Drop every picture, then print the rest of the listing exactly as given.

Exercise data |

⁂

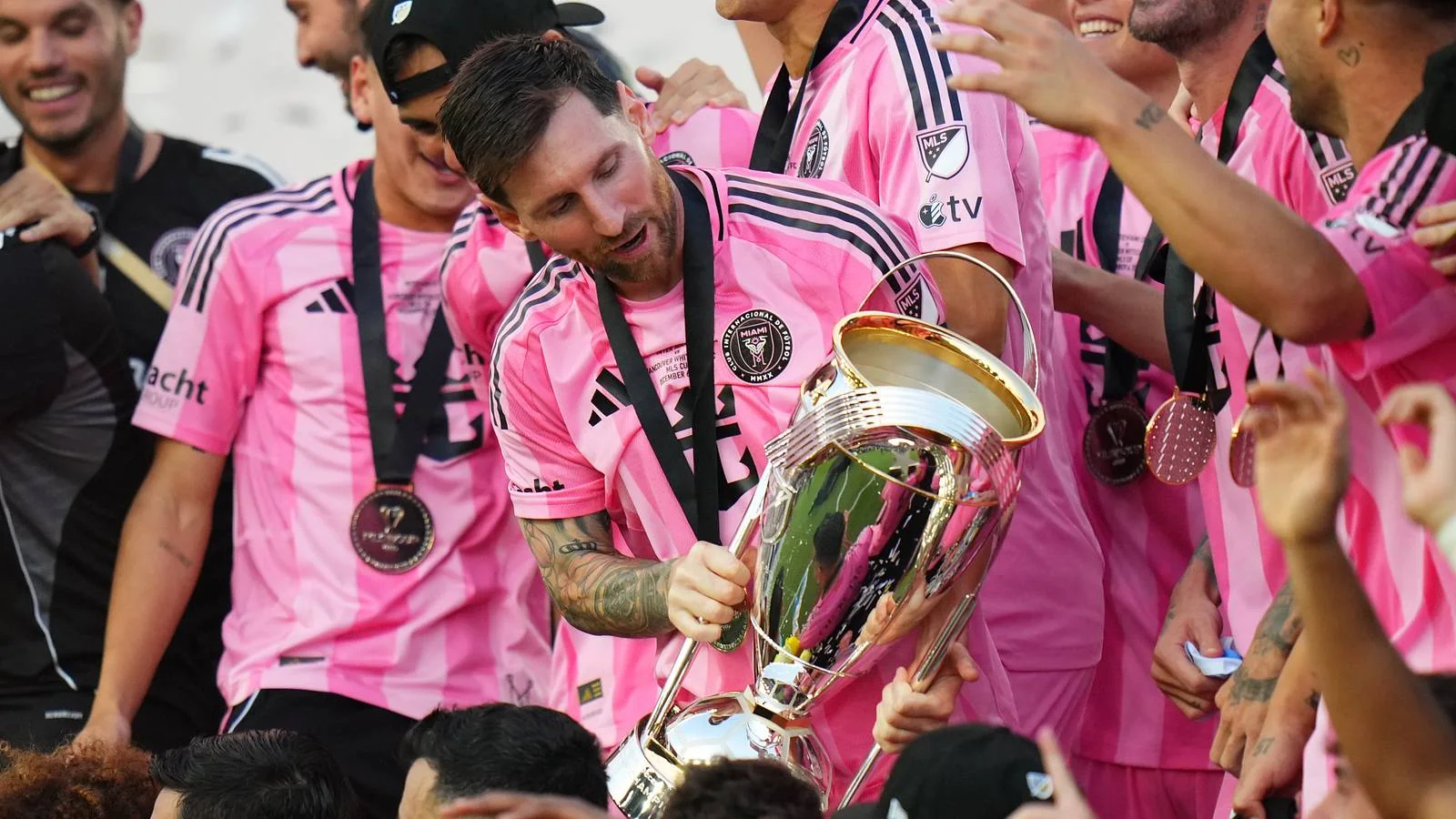 Lionel Messi holding the 2025 MLS Cup beside celebrating Inter Miami teammates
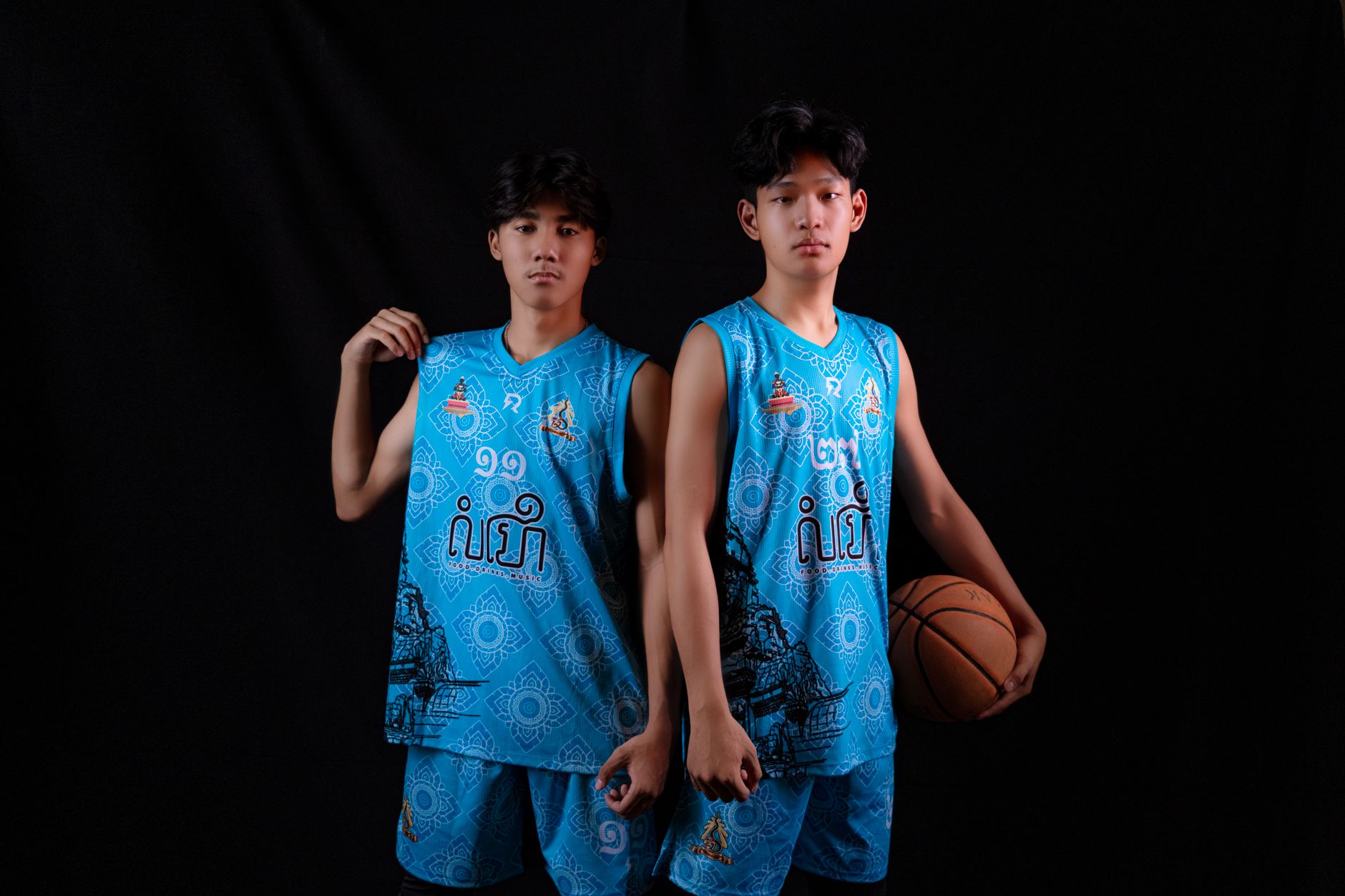 Studio photo of young Asian men in blue basketball uniforms holding a ball, showcasing team spirit.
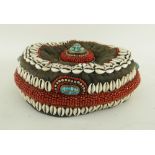 UNUSUAL TIBETAN OR NEPALESE CIRCULAR CLOTH HAT, applied with coral beads, cowrie shells, white metal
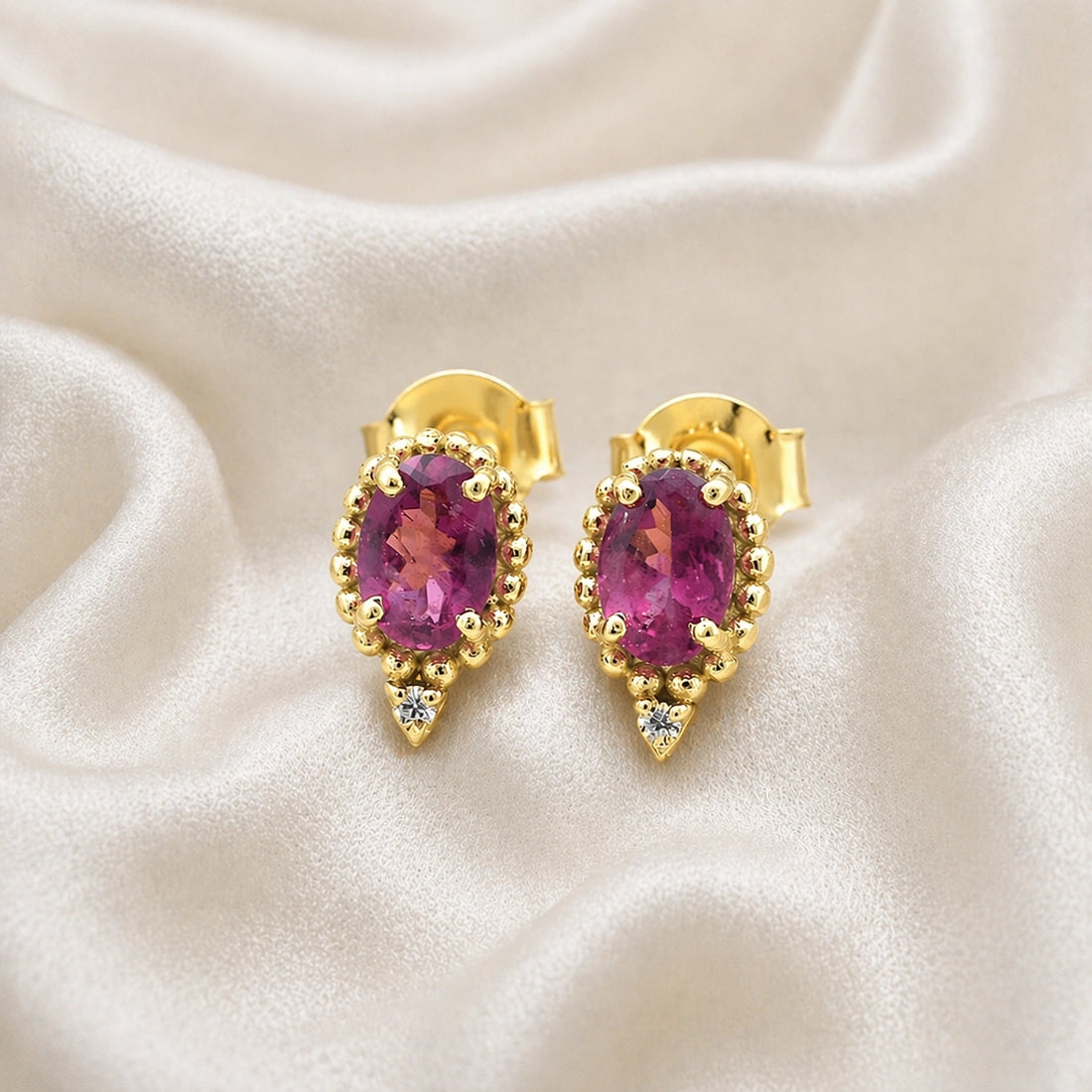 Pink_tourmaline_earrings_in_gold_plated_silver_with_oval_stone_and_a_white_topaz_shown_front_angle_view_on_soft_fabric_background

⁂

Result of this task |
 Lionel Messi holding the 2025 MLS Cup beside celebrating Inter Miami teammates
 Studio photo of young Asian men in blue basketball uniforms holding a ball, showcasing team spirit.
 UNUSUAL TIBETAN OR NEPALESE CIRCULAR CLOTH HAT, applied with coral beads, cowrie shells, white metal
 Pink_tourmaline_earrings_in_gold_plated_silver_with_oval_stone_and_a_white_topaz_shown_front_angle_view_on_soft_fabric_background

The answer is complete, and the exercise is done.